Turkey’s president and Israel’s likely next prime minister said Thursday in a phone call that they would work to continue to improve ties between their countries, The Associated Press reported.
Relations between former allies Turkey and Israel became icy under former Prime Minister Benjamin Netanyahu’s time in office. He is now expected to return to power soon as head of Israel’s most right-wing government ever.
Relations were already on the mend under outgoing Prime Minister Yair Lapid, who met with Turkish President Recep Tayyip Erdoğan in New York in September, the first meeting between the countries’ leaders in 14 years.
But Erdoğan’s relations with Israel under Netanyahu were particularly frosty, especially over recurring wars against Gaza’s militant Hamas rulers and the 2010 Gaza flotilla raid by the Israeli military, also during Netanyahu’s rule.

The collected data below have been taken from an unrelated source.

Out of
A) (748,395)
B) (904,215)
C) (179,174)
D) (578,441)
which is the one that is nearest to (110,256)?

Erdoğan had shown a willingness for warmer ties since Netanyahu was ousted after 12 consecutive years in power last year. Thursday’s call signaled that the ties could continue to improve under Netanyahu.
Netanyahu’s office said the two agreed to cooperate and work to “launch a new era in ties” between the countries. Netanyahu is in the process of trying to form a government following national elections earlier this month.

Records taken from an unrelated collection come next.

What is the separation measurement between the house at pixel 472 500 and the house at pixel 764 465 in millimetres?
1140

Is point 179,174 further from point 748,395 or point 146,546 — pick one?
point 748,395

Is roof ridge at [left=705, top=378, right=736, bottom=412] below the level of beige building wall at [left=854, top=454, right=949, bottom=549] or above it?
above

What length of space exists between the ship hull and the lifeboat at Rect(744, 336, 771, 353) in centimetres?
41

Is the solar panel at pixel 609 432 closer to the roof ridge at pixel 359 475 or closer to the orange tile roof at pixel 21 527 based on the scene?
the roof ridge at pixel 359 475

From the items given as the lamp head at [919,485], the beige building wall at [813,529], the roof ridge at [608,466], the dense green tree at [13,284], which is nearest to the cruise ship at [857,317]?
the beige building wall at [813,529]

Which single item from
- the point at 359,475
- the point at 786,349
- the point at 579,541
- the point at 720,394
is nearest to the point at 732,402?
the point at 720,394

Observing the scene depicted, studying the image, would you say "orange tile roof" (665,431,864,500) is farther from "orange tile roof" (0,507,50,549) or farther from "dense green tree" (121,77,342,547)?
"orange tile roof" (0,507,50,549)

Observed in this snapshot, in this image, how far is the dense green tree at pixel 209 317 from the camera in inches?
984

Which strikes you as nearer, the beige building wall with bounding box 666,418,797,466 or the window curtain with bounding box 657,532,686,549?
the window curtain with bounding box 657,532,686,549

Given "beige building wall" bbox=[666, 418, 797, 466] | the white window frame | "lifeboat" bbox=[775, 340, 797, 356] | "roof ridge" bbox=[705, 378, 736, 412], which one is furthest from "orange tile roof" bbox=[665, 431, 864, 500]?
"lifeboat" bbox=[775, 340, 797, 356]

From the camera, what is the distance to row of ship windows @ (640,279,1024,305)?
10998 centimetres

Erdoğan’s office said Netanyahu initiated the call, to offer his condolences for the recent deadly explosion in Istanbul. Erdoğan said he hoped the Israeli election results “will be beneficial for the country and the region.” According to the statement from his office, Erdoğan said Turkey and Israel have entered a new era in relations, seeming to credit the outgoing Israeli leadership for the rapprochement.

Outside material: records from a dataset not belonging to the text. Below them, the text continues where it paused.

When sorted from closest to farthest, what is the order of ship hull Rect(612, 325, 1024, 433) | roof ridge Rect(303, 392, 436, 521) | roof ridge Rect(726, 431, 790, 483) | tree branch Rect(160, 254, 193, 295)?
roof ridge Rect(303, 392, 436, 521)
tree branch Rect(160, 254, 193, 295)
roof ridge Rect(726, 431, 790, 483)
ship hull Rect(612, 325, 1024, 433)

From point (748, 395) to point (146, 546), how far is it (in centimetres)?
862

Over years of strained relations, Erdoğan has been an outspoken critic of Israeli policy toward the Palestinians. Israel, in turn, has objected to Turkey’s embrace of Hamas.
The once-close regional allies withdrew their respective ambassadors in 2010, after Israeli forces stormed a Gaza-bound flotilla carrying humanitarian aid for Palestinians that broke an Israeli blockade. The incident resulted in the deaths of nine Turkish activists.
But following Israeli President Isaac Herzog’s state visit to Turkey in March and other signs of a thaw, the two countries agreed to exchange ambassadors. They still share various strategic interests, including containing Iran.